10. April 2006
Sehr geehrte Frau Reim,
Ihr Sender stellt sich in diesen Tagen zur Freude vieler ZuhörerInnen und BesucherInnen mit einer Ausstellung und dem entsprechenden Katalog dar. Glückwunsch - es gibt genug Gründe für den RBB, sich zu feiern.
Mit Befremden stellen wir jedoch fest, dass eine der wesentlichen Sendereihen überhaupt nicht erwähnt wird: Kein Wort über das frauenpolitische Magazin ZEITPUNKTE, das sich in 26 Jahren einen Ruf als Bastion für Frauenfragen erwarb und immer noch, auch in seiner nunmehr aufgesplitterten Form, eine sehr beliebte Informationsquelle ist. Ist diese Nichtbeachtung Zufall? Oder ein Versehen? Vielleicht einer jener tiefsitzenden Schnitzer, die darauf beruhen, dass Frauen und ihre Arbeit für so nachrangig gehalten werden, dass beides einfach aus dem Gedächtnis fällt und damit letztlich auch aus der Geschichte?

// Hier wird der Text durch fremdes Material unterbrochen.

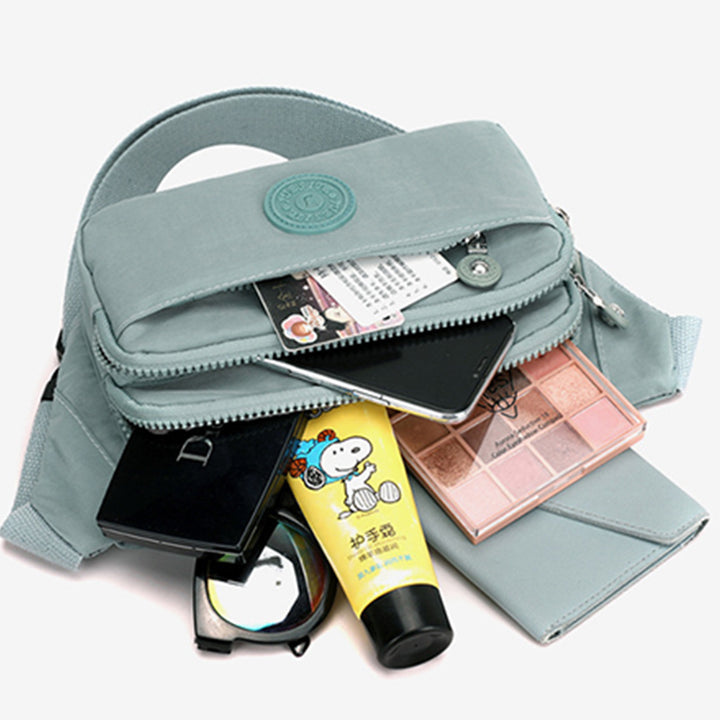 Leichte Umhängetasche mit mehreren Taschen, verstellbare Hüfttasche, Handytasche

Wir möchten Sie bitten, uns die Gründe für diese Nicht-Erwähnung zu erklären. Wir schätzen die Arbeit von Magdalena Kemper und ihren Mitarbeiterinnen sehr. Wir erinnern nur allzu gut, dass die ZEITPUNKTE während der 80er Jahre die Sendung mit der zweithöchsten Einschaltquote des SFB war, dass sie diverse Preise erhielt und Ort vieler frauenpolitischer Debatten war - beispielgebend für viele Journalistinnen bei anderen Sendern und in Printredaktionen; im Inland wie im Ausland. Nicht zuletzt sei daran erinnert, wie viele Examensarbeiten und Promotionen über diese erste tägliche frauenpolitische Hörfunksendung geschrieben wurden und wie sehr Politikerinnen aller Couleur dieses Forum wahrnahmen und immer noch schätzen. Umso weniger ist nachzuvollziehen, warum diese Sendung so offensichtlich aus der Rundfunkhistorie gestrichen wurde. Wir hoffen, dass gerade Sie Verständnis für unsere Kritik haben und zur Finissage mit der Charlottenburger Bürgermeisterin und 200 geladenen Gästen noch eine Korrektur anbringen können.
Dieser Brief geht in gleicher Form auch an Frau Hannelore Steer, Direktorin des Hörfunkbereiches, und Frau Dr. Ulrike Liedtke, RBB-Rundfunkrat.